Cleaning the Indigo Pigment
- Although optional⁷, you can clean the indigo pigment now. I think this is best done by using a clear container that's smaller than the bucket now, which is why I've recommended a clear pitcher or jug in the materials list.
- Fill the jug halfway with clean water, then gently pour it into the bucket containing the indigo sludge. Gently swirl it around to pick up the indigo, then pour the dark liquid back into the smaller container. Cover so that nothing can fall in.
- Leave the container to settle again, before siphoning off the liquid again. Japanese indigo takes a long time to settle, another several days to a week or more, so it may be that the liquid that you siphon off may be green before you continue to the next step. Siphon it off and leave it to settle on it's own and you'll eventually get a small amount of indigo pigment at the bottom.
Drying the Indigo Pigment
- After the last siphoning of liquid from the sludge of indigo, it's time to dry it out for storage⁸. Line a dish or tray with raised edges with greaseproof paper. Basically waxed kitchen paper that won't allow water through.
- Pour the indigo sludge onto the paper. Use a rubber spatula to get as much as possible from the container. If you've reserved the liquid siphoned off the indigo previously, please read the note below⁹.
- Leave the indigo sludge to dry out in a warm place until its bone dry. It takes about a week in my warm greenhouse and is finished when there is no tackiness and the indigo is pulling away from the paper.
Storing the Indigo Pigment
- With a spoon, gently loosen the ring of indigo that formed around the edge of where the sludge was poured.
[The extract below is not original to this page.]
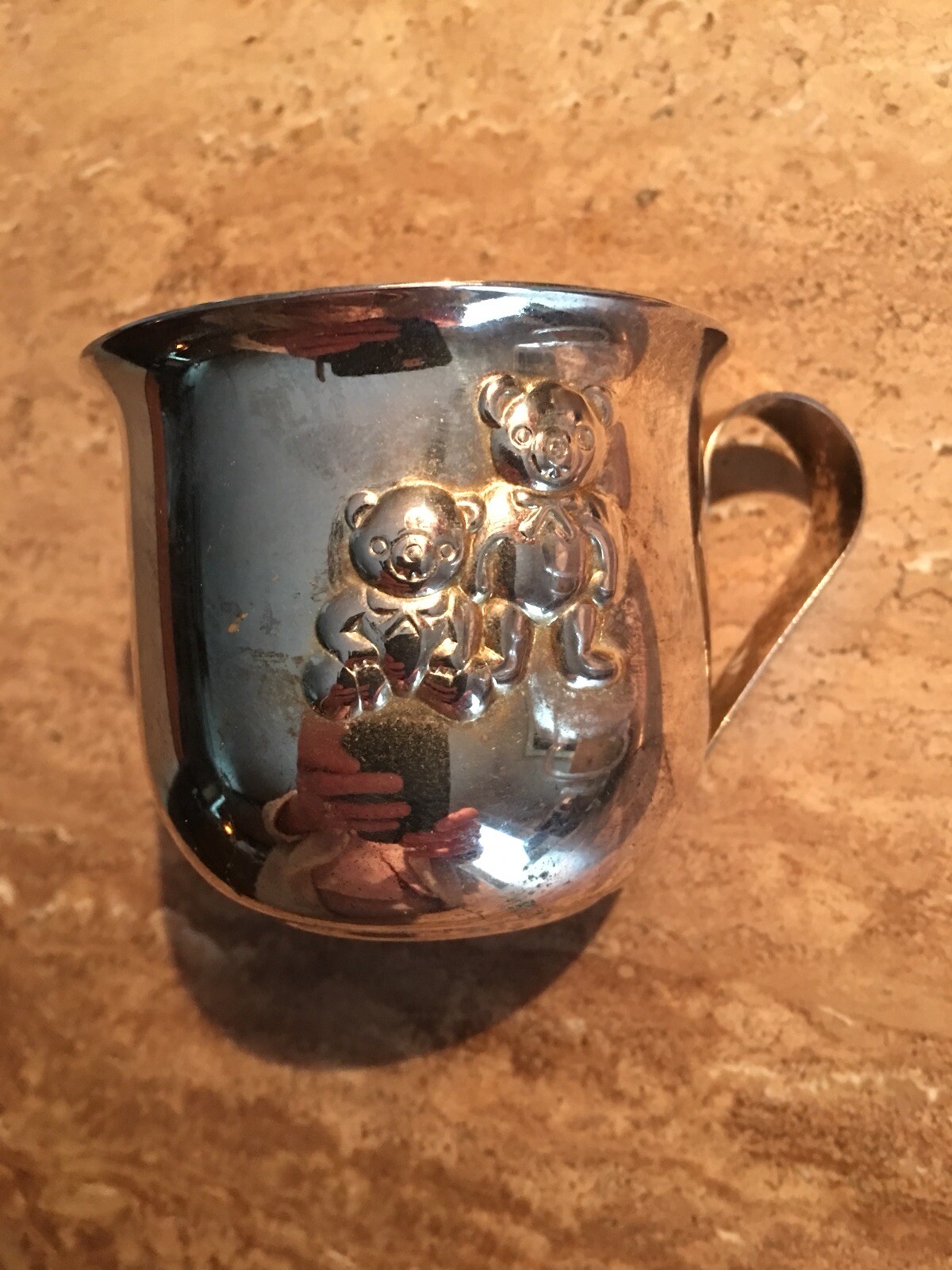 Silver Godinger Baby Infant Drinking Cup Teddybears Silver Art Co ...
- Then, fold the paper up, remove it from the dish, and gently roll over it several times with a rolling pin to break up and crush the indigo.
- Pass the indigo through a fine metal sieve over a bowl, to create a fine powder. Use a spoon to push and grind it through.
- Then, pour the powder from the paper and into a jar for storage. The powder keeps indefinitely, but its dye potential is said to decrease after five years.